__Goal of the exercise__: From the material below, copy exactly the lines beginning with the one that contains "渋野３位に浮上、山下は６位　全米女子プロゴルフ第２日" and ending with the one that contains "дизайн-проектів, їдальня (стилі)"; the pictures stay out.

__Supplied data__:
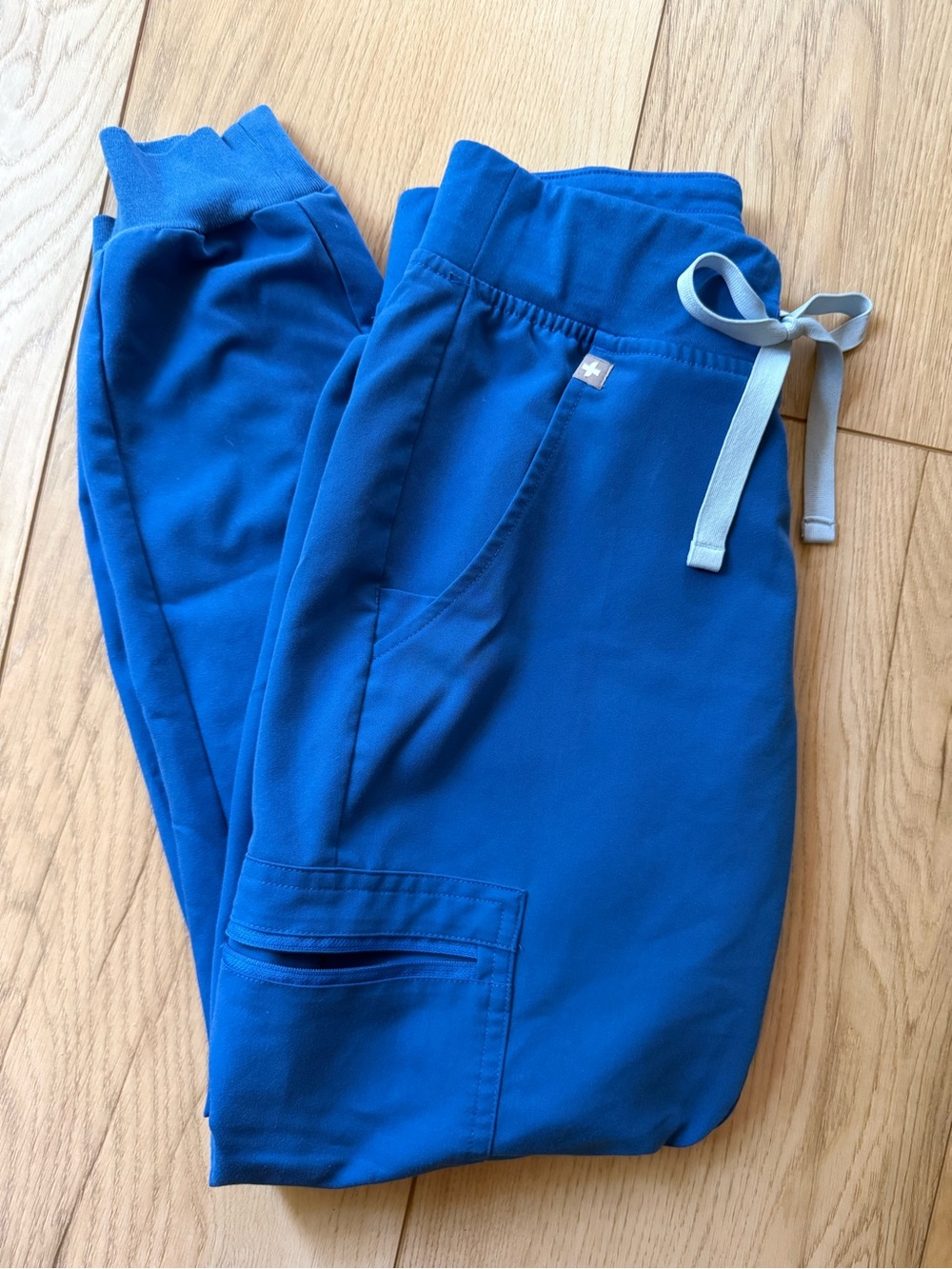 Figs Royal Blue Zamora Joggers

---

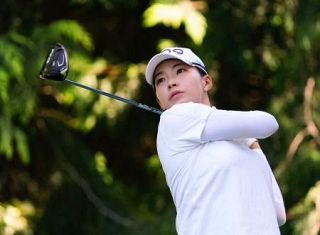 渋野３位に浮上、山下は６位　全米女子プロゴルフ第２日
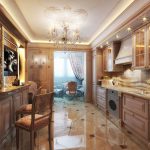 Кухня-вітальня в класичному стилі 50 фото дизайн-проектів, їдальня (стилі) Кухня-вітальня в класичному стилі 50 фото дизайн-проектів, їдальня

---

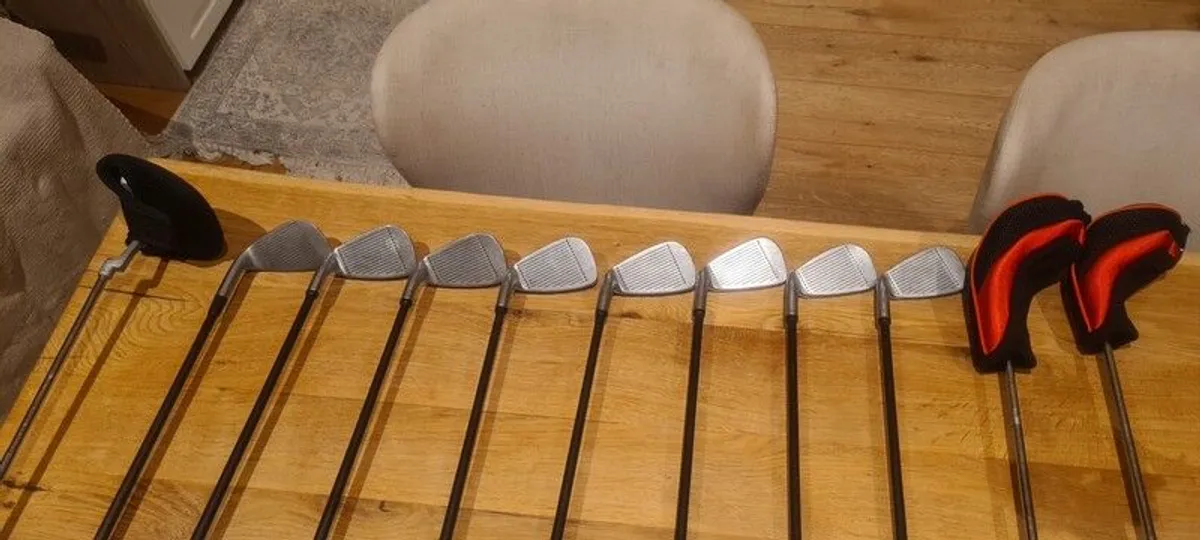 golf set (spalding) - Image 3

__Finished exercise__:
 渋野３位に浮上、山下は６位　全米女子プロゴルフ第２日
 Кухня-вітальня в класичному стилі 50 фото дизайн-проектів, їдальня (стилі) Кухня-вітальня в класичному стилі 50 фото дизайн-проектів, їдальня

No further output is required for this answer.